Provided material: Begin
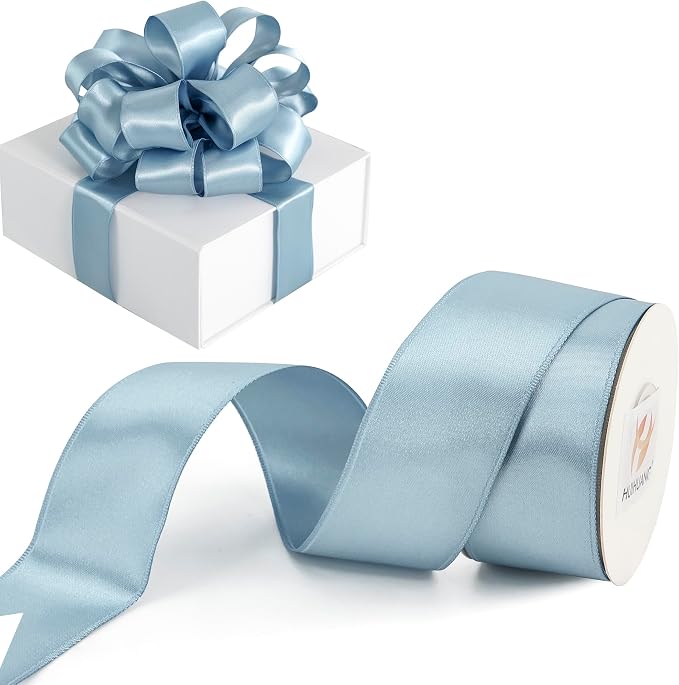 HUIHUANG Dusty Blue Wired Ribbon 1-1/2 inch French Blue Double-Faced Satin by HUIHUANG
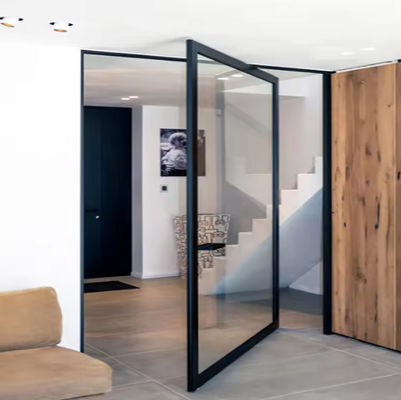 एल्यूमीनियम मिश्र धातु फ्रेमलेस ग्लास पिवोट दरवाजा जंग प्रतिरोधी आसान सफाई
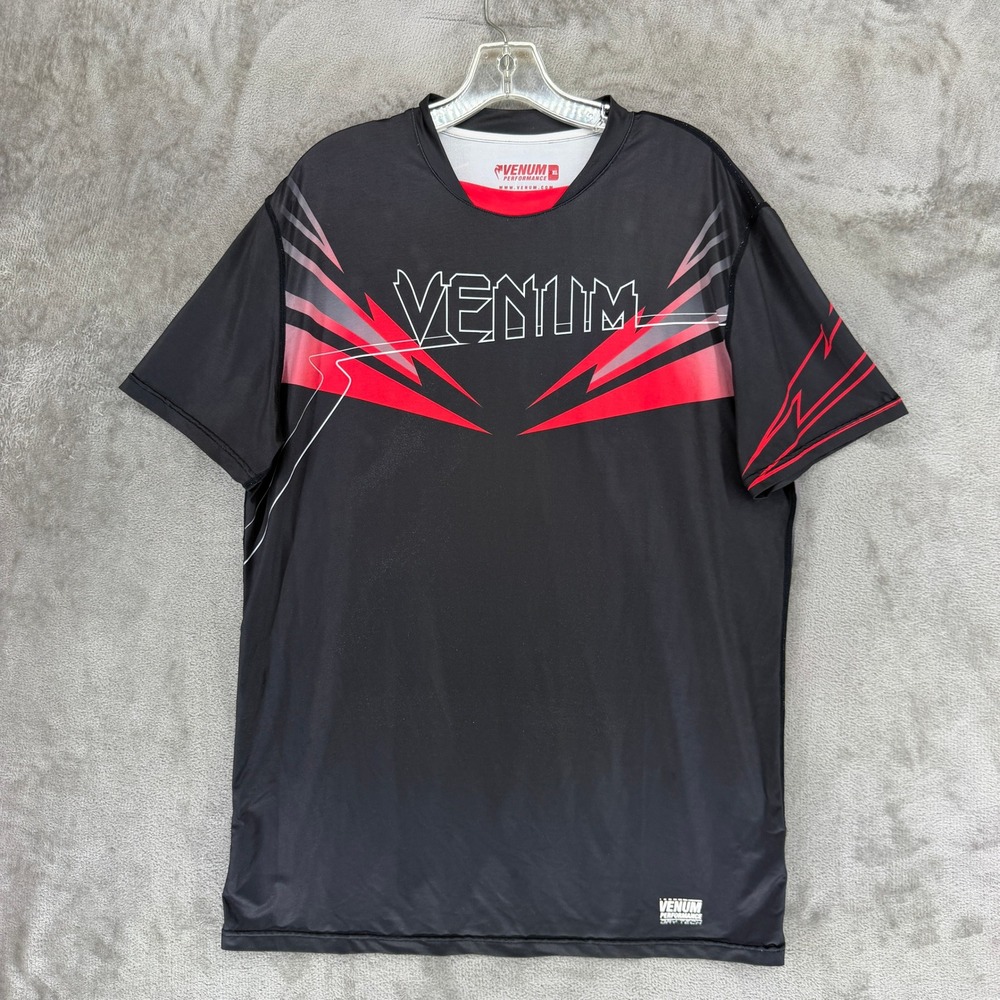 Venum T-Shirt Mens XL Dry Tech Black Red Graphic MMA Performance EUC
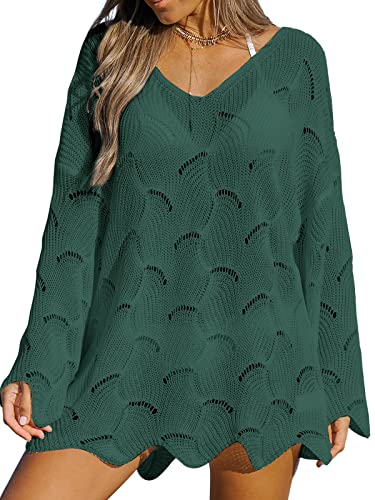 CUPSHE Damen Bikini Cover Up Strandkleid V Ausschnitt Langarm Lochmuster Häkelstrick Wellenkante Strandponcho Beach Cover Ups Mini Dress Grün M von CUPSHE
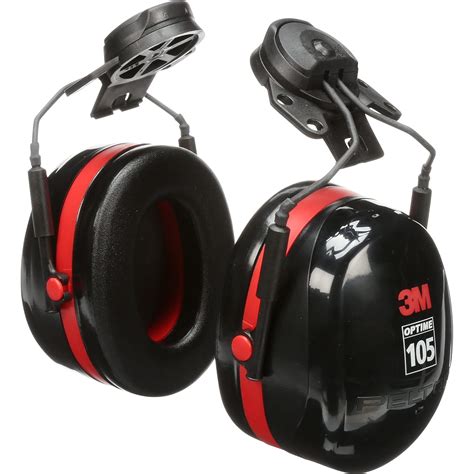 3M Peltor Optime 105 Cap Mount Earmuffs H10P3E Black Red 2097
Provided material: End
* What you have to do: Copy the data word for word, no pictures.

* Answer space:
 HUIHUANG Dusty Blue Wired Ribbon 1-1/2 inch French Blue Double-Faced Satin by HUIHUANG
 एल्यूमीनियम मिश्र धातु फ्रेमलेस ग्लास पिवोट दरवाजा जंग प्रतिरोधी आसान सफाई
 Venum T-Shirt Mens XL Dry Tech Black Red Graphic MMA Performance EUC
 CUPSHE Damen Bikini Cover Up Strandkleid V Ausschnitt Langarm Lochmuster Häkelstrick Wellenkante Strandponcho Beach Cover Ups Mini Dress Grün M von CUPSHE
 3M Peltor Optime 105 Cap Mount Earmuffs H10P3E Black Red 2097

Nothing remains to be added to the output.